Please set down only the lines below starting with the line with "Used 2022 RAM 1500 Laramie image 45" and going on through the line with "Thousands protest COVID-19", verbatim and without pictures.

RECORDS FOR THIS TASK
------------------------------------------------------------

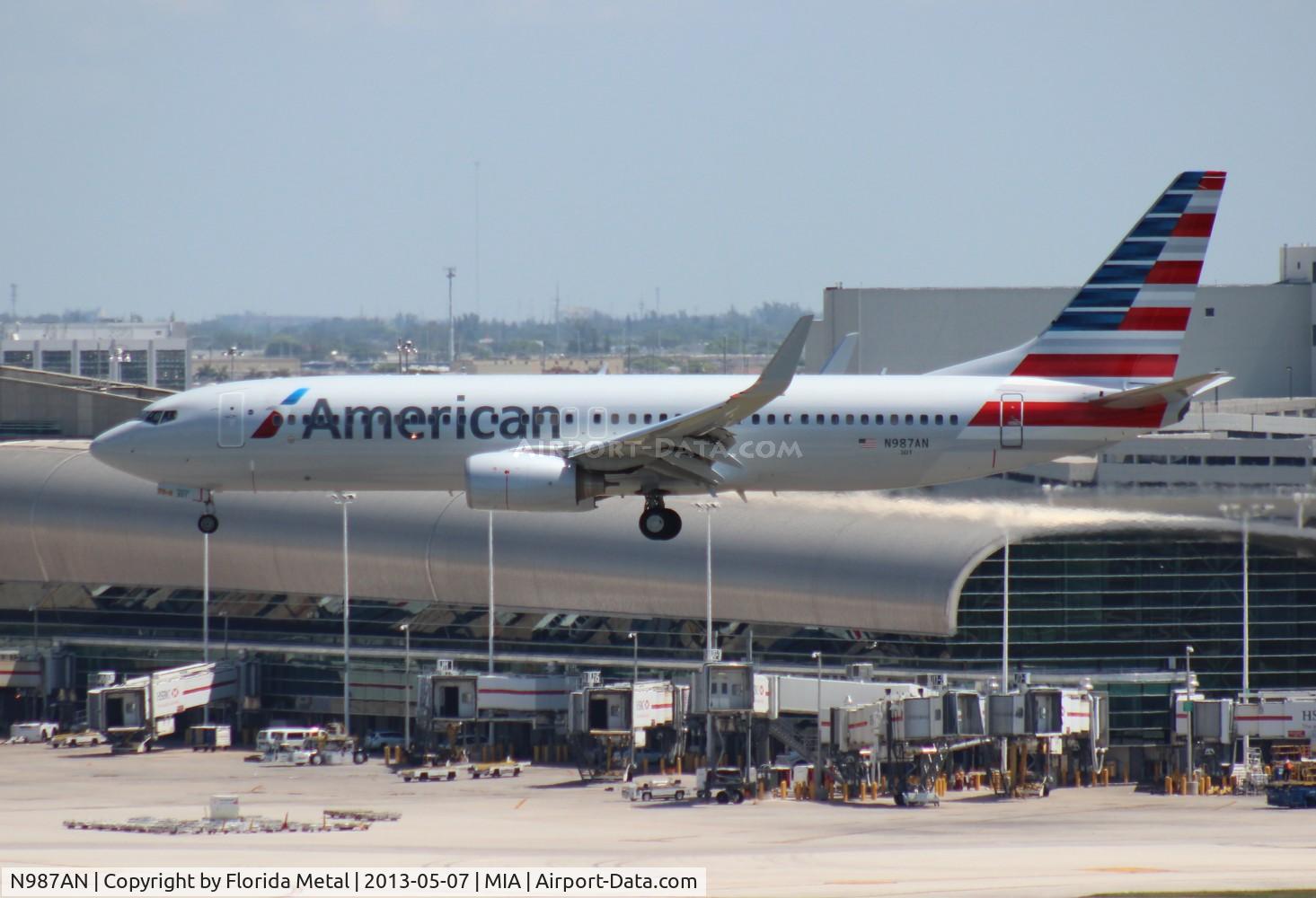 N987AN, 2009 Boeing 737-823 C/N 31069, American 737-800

------------------------------------------------------------

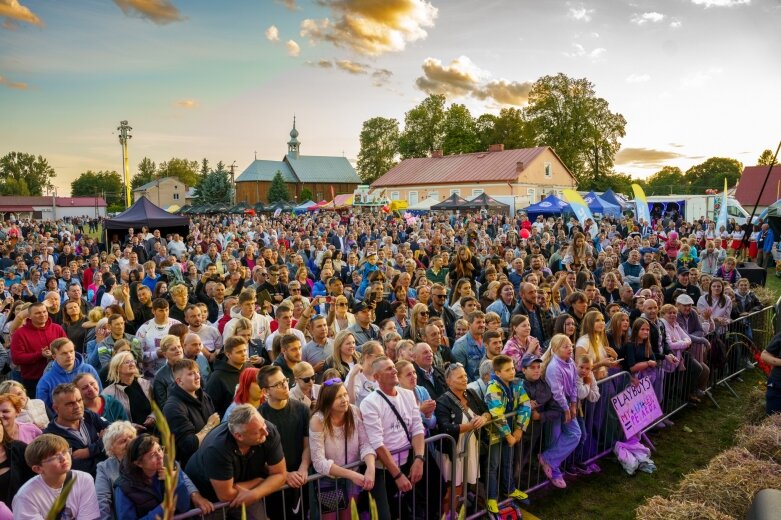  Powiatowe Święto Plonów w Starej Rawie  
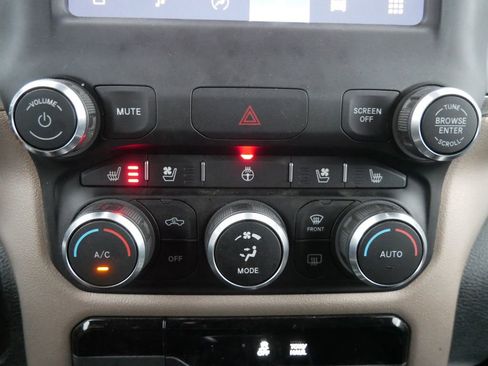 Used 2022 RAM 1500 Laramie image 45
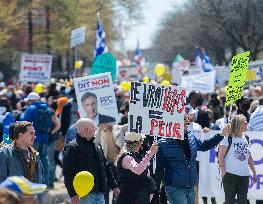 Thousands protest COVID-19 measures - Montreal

------------------------------------------------------------

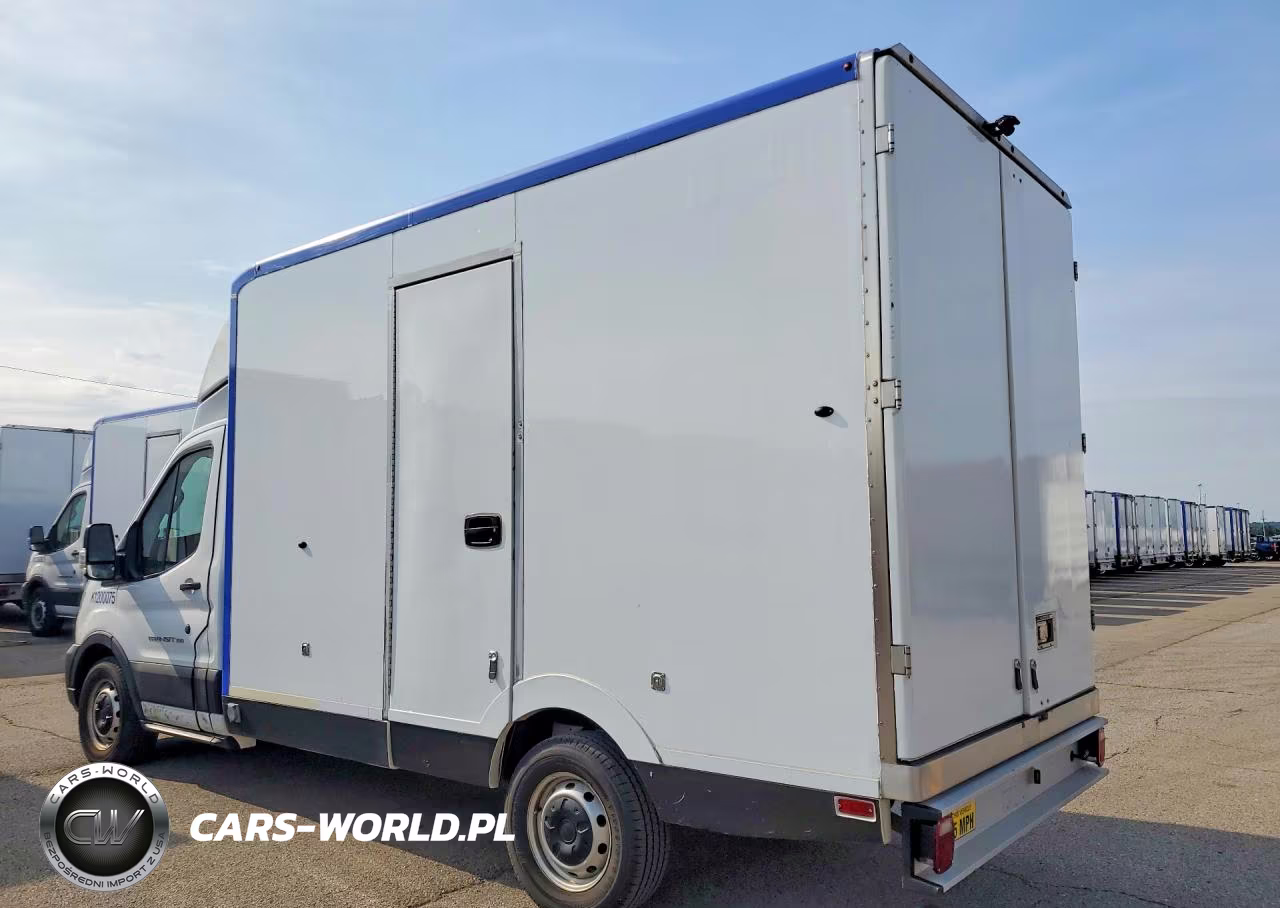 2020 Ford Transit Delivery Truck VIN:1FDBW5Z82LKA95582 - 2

------------------------------------------------------------

OUTPUT FOR THIS TASK
 Used 2022 RAM 1500 Laramie image 45
 Thousands protest COVID-19 measures - Montreal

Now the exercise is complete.